I notice now, in this stage of my life, I prefer first words over the rest. The rest are window dressing; the first those which draw me in. They are an end unto themselves. I really don’t care what happens after the kickoff. The game is less important than the opening whistle.
Take these words, for instance.
The house was built of rose-colored plaster that had peeled and faded with the dampness and from its porch you could see the sea, very blue, and the end of the street. There were laurel trees along the sidewalk that grew high enough to shade the upper porch and in the shade it was cool. A mockingbird hung in a wicker cage at a corner of the porch, and it was not singing now, nor even chirping, because a young man of about twenty-eight, thin, dark, with bluish circles under his eyes and a stubble of beard, had just taken off a sweater that he wore and spread it over the cage. The young man was standing now, his mouth slightly open, listening. Someone was trying the locked and bolted front door.
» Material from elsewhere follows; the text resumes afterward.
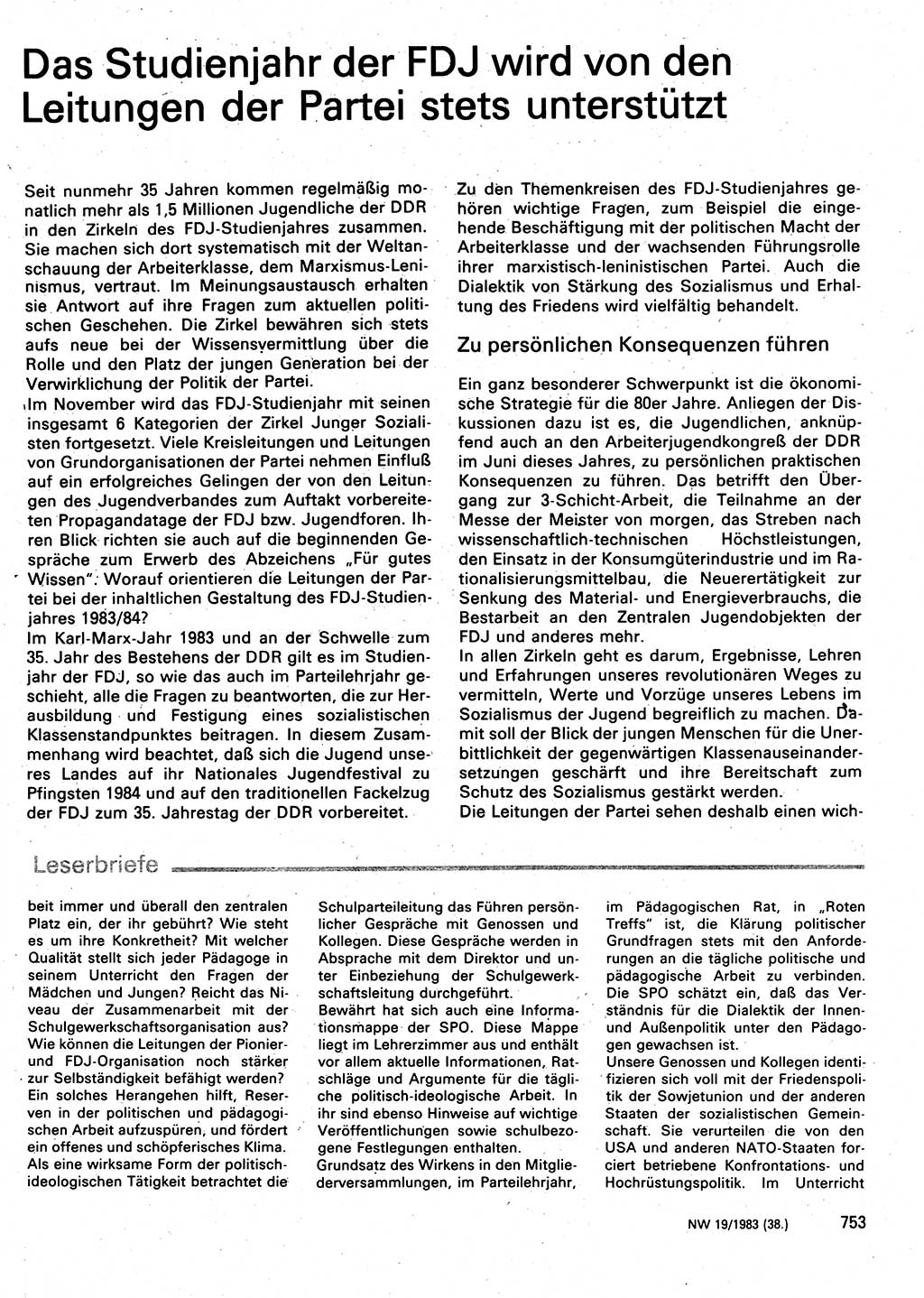 Neuer Weg (NW), Organ des Zentralkomitees (ZK) der SED (Sozialistische Einheitspartei Deutschlands) für Fragen des Parteilebens, 38. Jahrgang [Deutsche Demokratische Republik (DDR)] 1983, Seite 753 (NW ZK SED DDR 1983, S. 753)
Any guesses as to the author’s identity?
Does it help if I give you another slice of his work?
In the late summer of that year we lived in a house in a village that looked across the river and the plain to the mountains. In the bed of the river there were pebbles and boulders, dry and white in the sun, and the water was clear and swiftly moving and blue in the channels. Troops went by the house and down the road and the dust they raised powdered the leaves of the trees. The trunks of the trees too were dusty and the leaves fell early that year and we saw the troops marching along the road and the dust rising and leaves, stirred by the breeze, falling and the soldiers marching and afterward the road bare and white except for the leaves.
Recently I was at the front desk of a public library in a college town, when a mother came in with her middle-school daughter. They inquired about a book the mother wanted her child to read.
“The title is something like ‘A Goodbye,'” she said.
The librarian stared at her blankly.
I couldn’t help myself.
“Maybe ‘A Farewell,’?”, I asked.
“Yeah. I think that’s it,” the mother said. She and her daughter and the librarian all were looking at me blankly now.
“A Farewell to Arms? It’s by a guy named Hemingway.”
The blank stares doubled down.
“Ernest Hemingway. He was a pretty big deal back in the day.”
The librarian hit a few keystrokes on her computer.
“We have it, but it looks like it’s checked out.” She shrugged a why don’t you leave me alone now shrug.
The mother glanced at her daughter before she spoke to the book guardian again.
“Do you have video games we can check out?”
The lady at the counter pointed over their heads to a far corner of the room. “Over there,” she said.
The mother and daughter retreated to the corner.
“Hemingway really was a pretty big deal,” I said to the librarian.
She didn’t look up at me and waited for me to leave.